The insinuating Swedish vampire movie Let the Right One In took the world (including the 2008 Lone Star International Film Festival) by storm, and ever since an American remake was announced, fans of Tomas Alfredson’s original have been fretting over whether the new version would do justice to it. That new version is called Let Me In, and I’m pleased to report that Matt Reeves has done an amazingly faithful job of adapting the Swedish movie for our audiences.

LetMeIn_siteInstead of Stockholm, this movie is set in Los Alamos, N.M., in March 1983, a depressing, conformist version of Reagan’s Middle America blanketed by endless winter. That’s where 12-year-old Owen (Kodi Smit-McPhee) lives in terror of the school bullies who single him out for abuse. His divorced alcoholic parents offer no help at all, so he’s grateful to meet Abby (Chloë Grace Moretz), a girl his age — or so it seems — who moves into the apartment next door. She has strange habits like walking around in the snow in her bare feet and not coming out at night. She turns out to be behind a string of murders in town, but that doesn’t stop Owen from falling in love with her.

This movie is done in a completely different style from the sci-fi monster flick Cloverfield, which Reeves made a big splash with two years ago. Instead of filming this in a vérité style, Reeves takes a slow-burning approach similar to Alfredson’s, and horror fans who aren’t familiar with the original might have a hard time getting used to the relative lack of action here.

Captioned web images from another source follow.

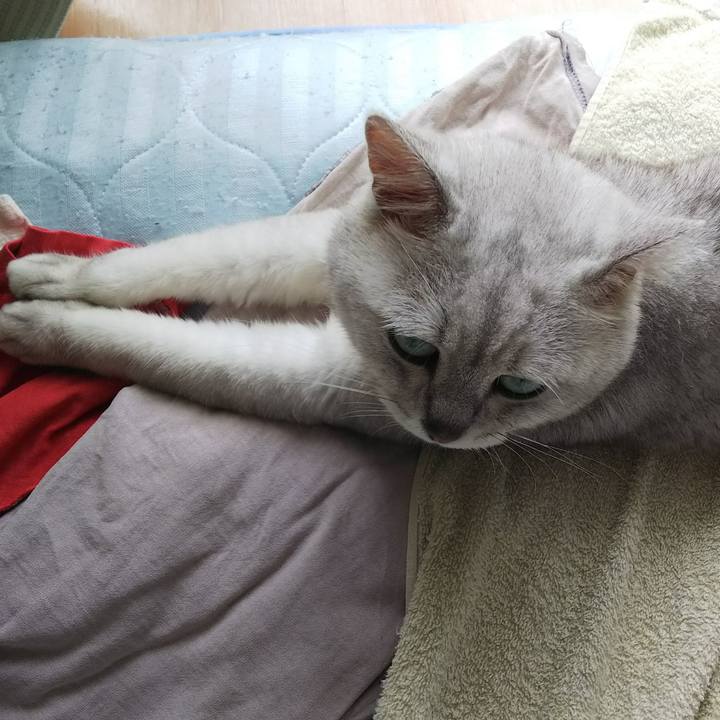 F029b82d 5273 4f32 b974 0cf94ee1f278 1529283213266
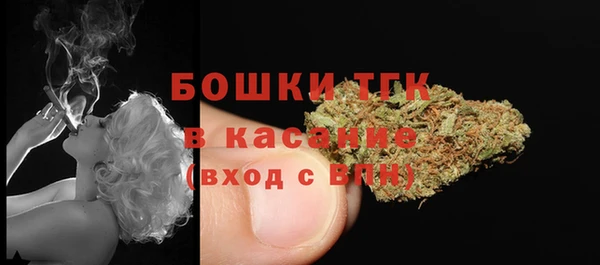 индика Краснослободск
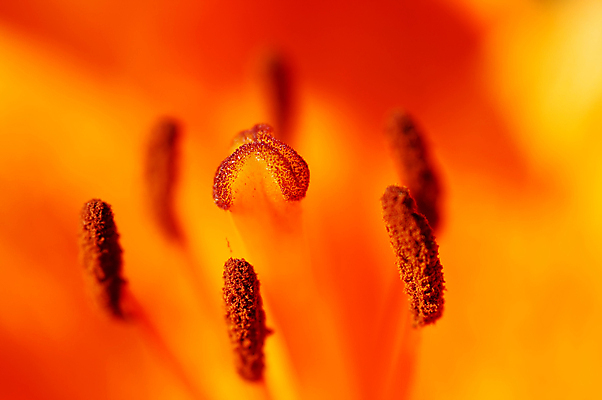 포토 JPG 해외이미지 식물 꽃 오렌지 자연 추상 사람없음 백합 묘사 꽃수술 해외202004 해외포토 무늬 과일 생태계 파일형식 이미지허브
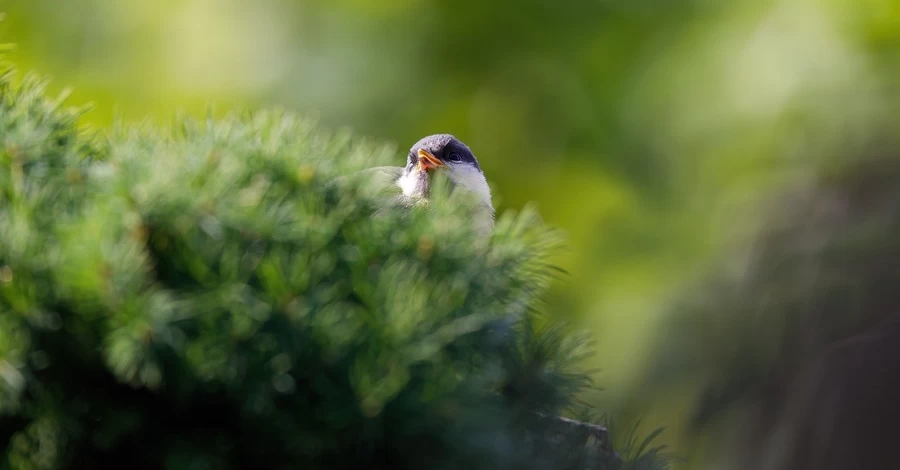 25 березня - яке сьогодні свято, Благовіщення Пресвятої Богородиці, все про цей день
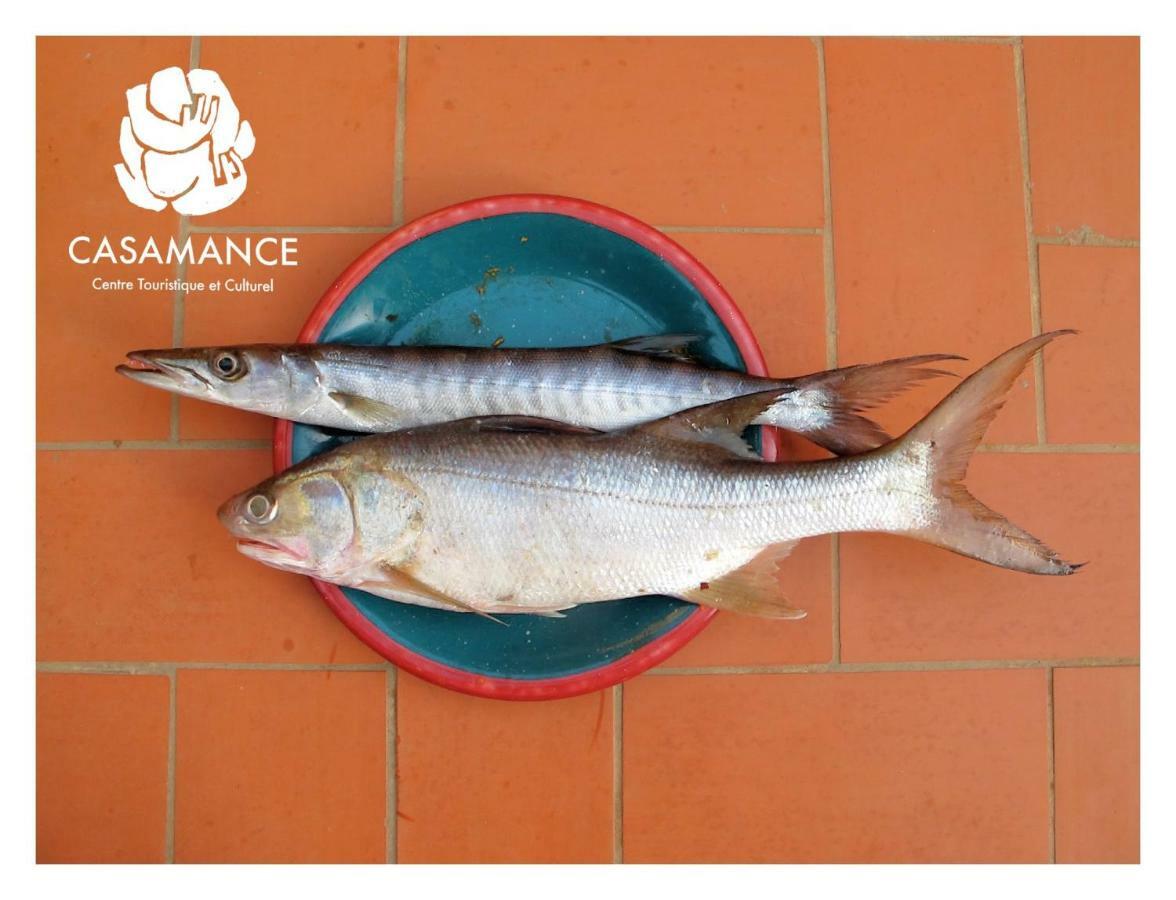 Centre Touristique Et Culturel Casamance Guest House Diakene Ouolof ภายนอก รูปภาพ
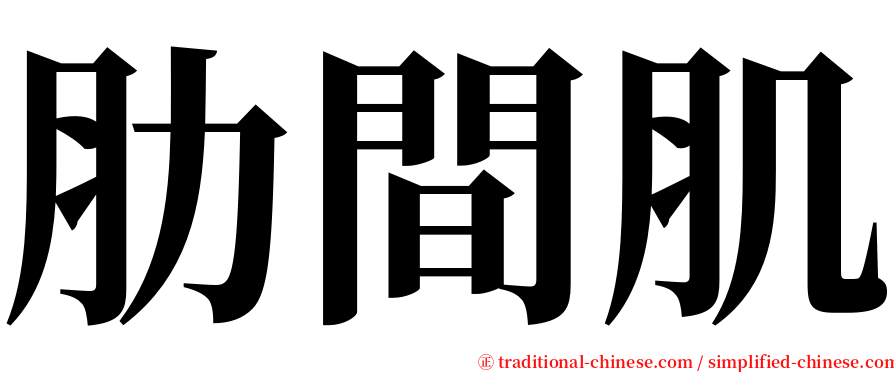 肋間肌 serif font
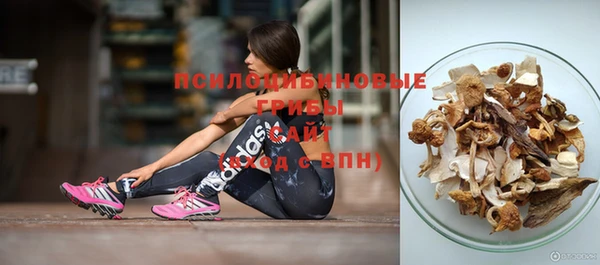 крисы Армянск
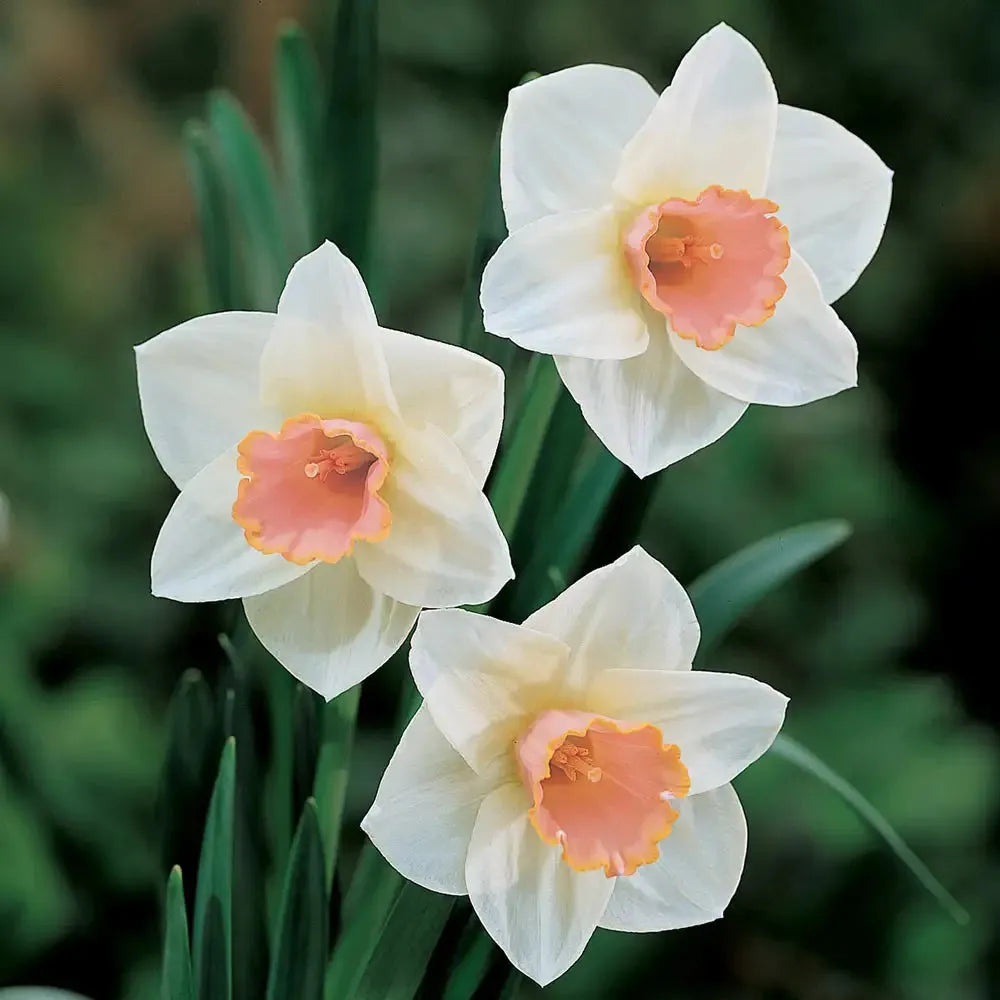 Daffodil, Large Cup, 'pink Pride', White With Pink Cup - View 20 from www redcrocus com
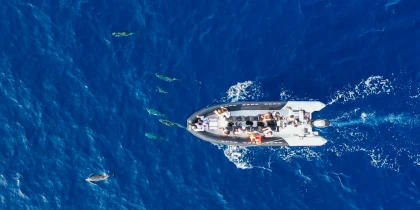 Boat excursion from Saint-Raphaël to see dolphins in the Pelagos Sanctuary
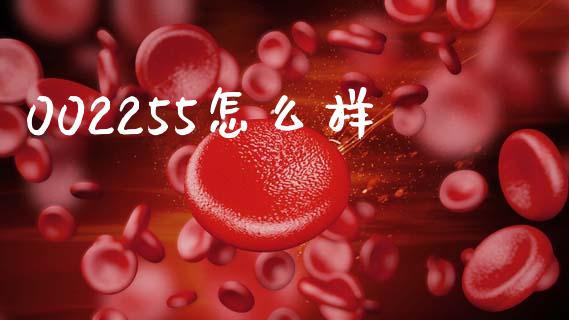 002255怎么样_https://www.fcdydaikuan.com_恒指期货直播_第1张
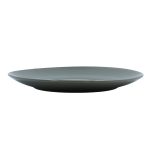 PLATO CENA 10" GRIS WD003A - Imagen 3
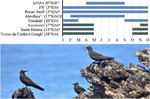 Absence of genetic structure among ecologically diverse populations indicate high plasticity in a pantropical seabird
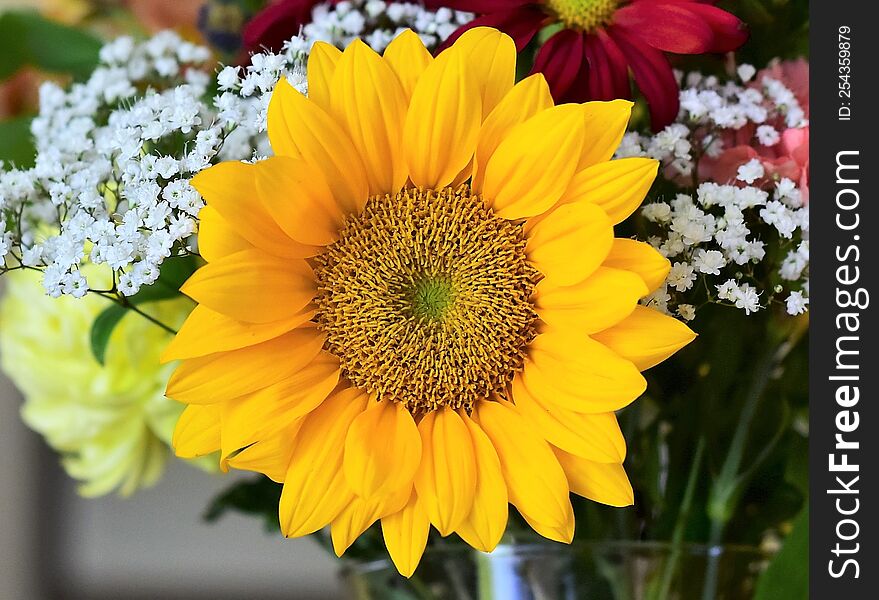 A Bright Sunflower That& X27 S Part Of A Bouquet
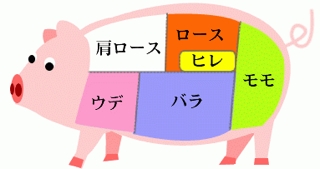 CAMPOFRIO SELECCION豚：部位ごとに見てみましょう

In addition to the pace, Reeves carefully mimics the original’s camera angles, sets, and tiny details like the Rubik’s Cube that Owen gives Abby early on. Cinematographer Greig Fraser photographs the setting imaginatively, bathing the scenes between Owen and Abby in a soft, golden light that you don’t often see in horror films.


The delicate romance that blooms between the boy and the vampire is something else that most horror movies don’t do. The implications of love with the undead are treated with cold-eyed realism. (In this respect, both the Swedish and American versions of this film are far superior to the Twilight movies.) When Owen eventually watches Abby kill a guy, both he and the audience see that she’s a monster as well as a savior. Moretz is best known for playing the gleefully murderous Hit Girl in Kick-Ass, but here she plays the vampire as a being with stiff, stilted manners who’s unsure how to relate to humans. The child actors play their scenes with an unexpectedly moving innocence, and help the movie duplicate the most fragile thing about the original: its mood.

Given that foreign films like Let the Right One In are easier to find than ever, one may ask why this movie needed to be remade if Reeves was going to copy the original so closely. The hard truth is that there are moviegoers who won’t go to a movie with subtitles (their loss). Let Me In performs much the same function as the 2002 remake of The Ring, an English-language version that brings a brilliant foreign horror flick to a new crowd without significant damage to the original’s vision.

Let Me In

Starring Kodi Smit-McPhee and Chloë Grace Moretz. Written and directed by Matt Reeves, based on John Ajvide Lindqvist’s novel and screenplay. Rated R.